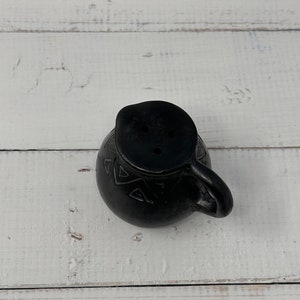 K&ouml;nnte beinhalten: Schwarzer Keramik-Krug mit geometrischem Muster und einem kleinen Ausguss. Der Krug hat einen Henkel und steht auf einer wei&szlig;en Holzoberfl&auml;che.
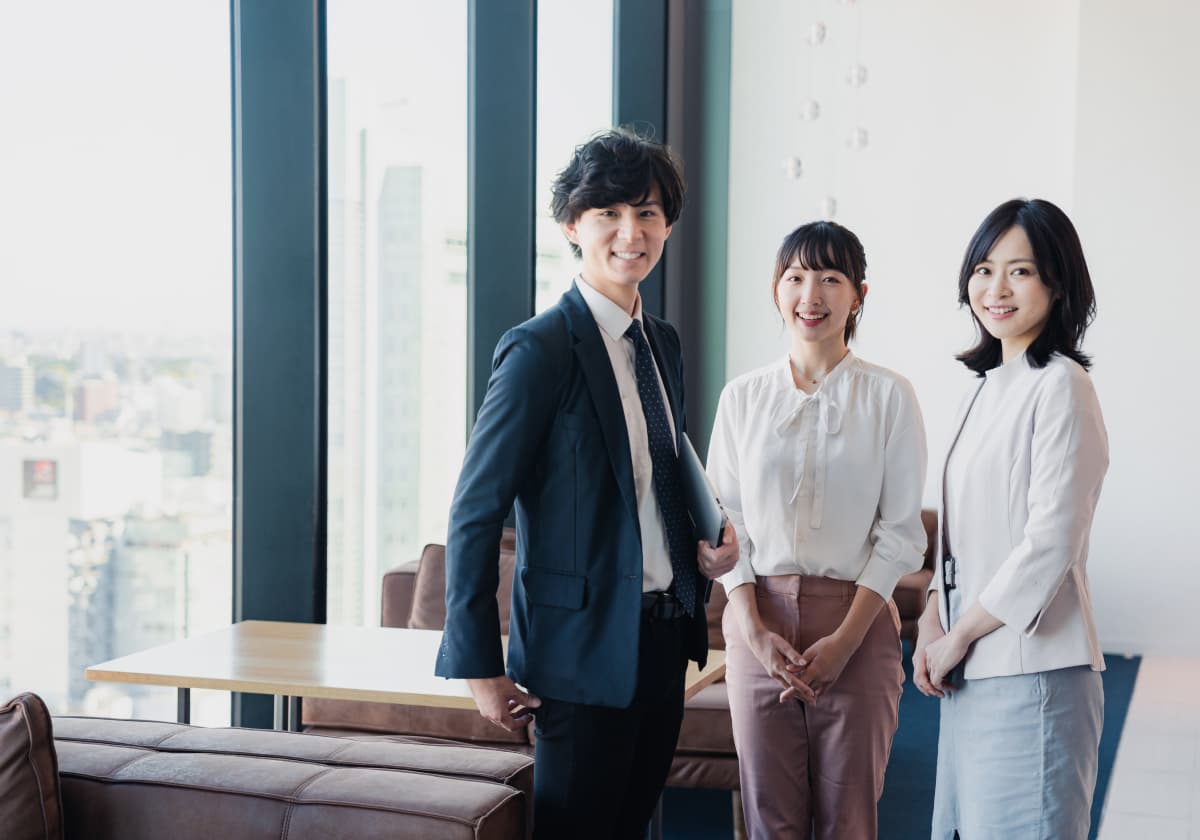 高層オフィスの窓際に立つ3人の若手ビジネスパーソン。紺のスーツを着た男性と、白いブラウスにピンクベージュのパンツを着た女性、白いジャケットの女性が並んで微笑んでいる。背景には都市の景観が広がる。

● ● ●

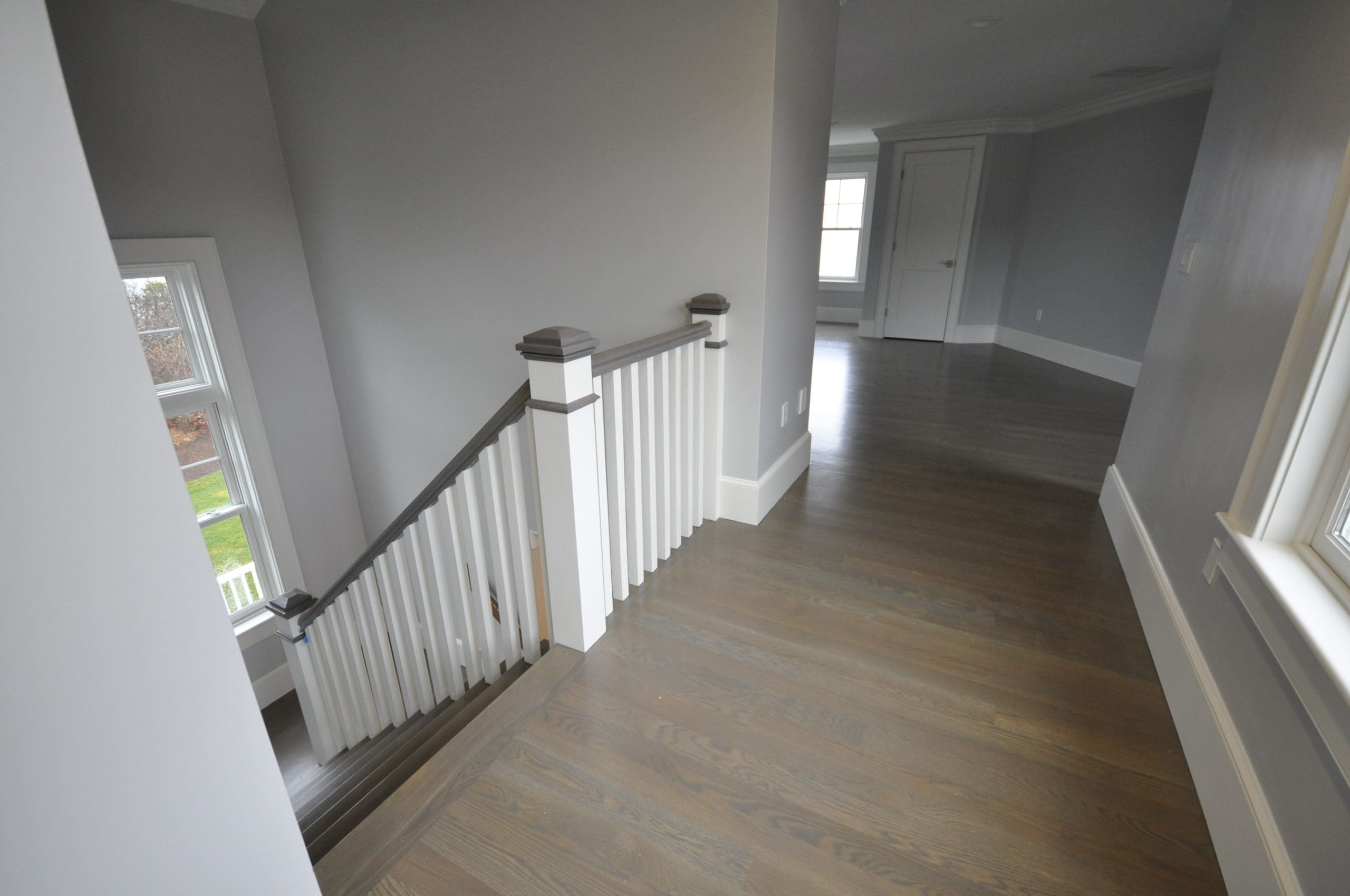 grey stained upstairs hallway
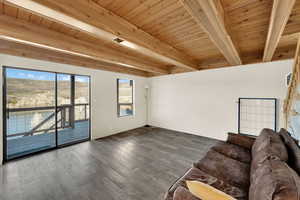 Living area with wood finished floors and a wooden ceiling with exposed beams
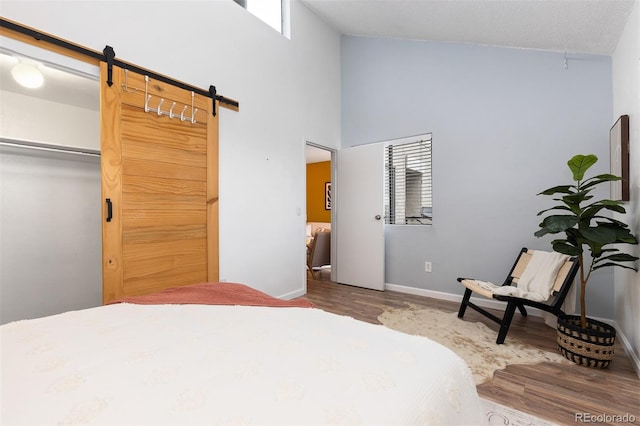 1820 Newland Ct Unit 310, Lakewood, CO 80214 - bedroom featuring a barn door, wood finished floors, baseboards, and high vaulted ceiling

● ● ●

Directions:
Go to the line above that contains "K&ouml;nnte beinhalten: Schwarzer" and reproduce everything exactly from there through the line that contains "高層オフィスの窓際に立つ3人", leaving out the pictures.

Solved problem:
 K&ouml;nnte beinhalten: Schwarzer Keramik-Krug mit geometrischem Muster und einem kleinen Ausguss. Der Krug hat einen Henkel und steht auf einer wei&szlig;en Holzoberfl&auml;che.
 高層オフィスの窓際に立つ3人の若手ビジネスパーソン。紺のスーツを着た男性と、白いブラウスにピンクベージュのパンツを着た女性、白いジャケットの女性が並んで微笑んでいる。背景には都市の景観が広がる。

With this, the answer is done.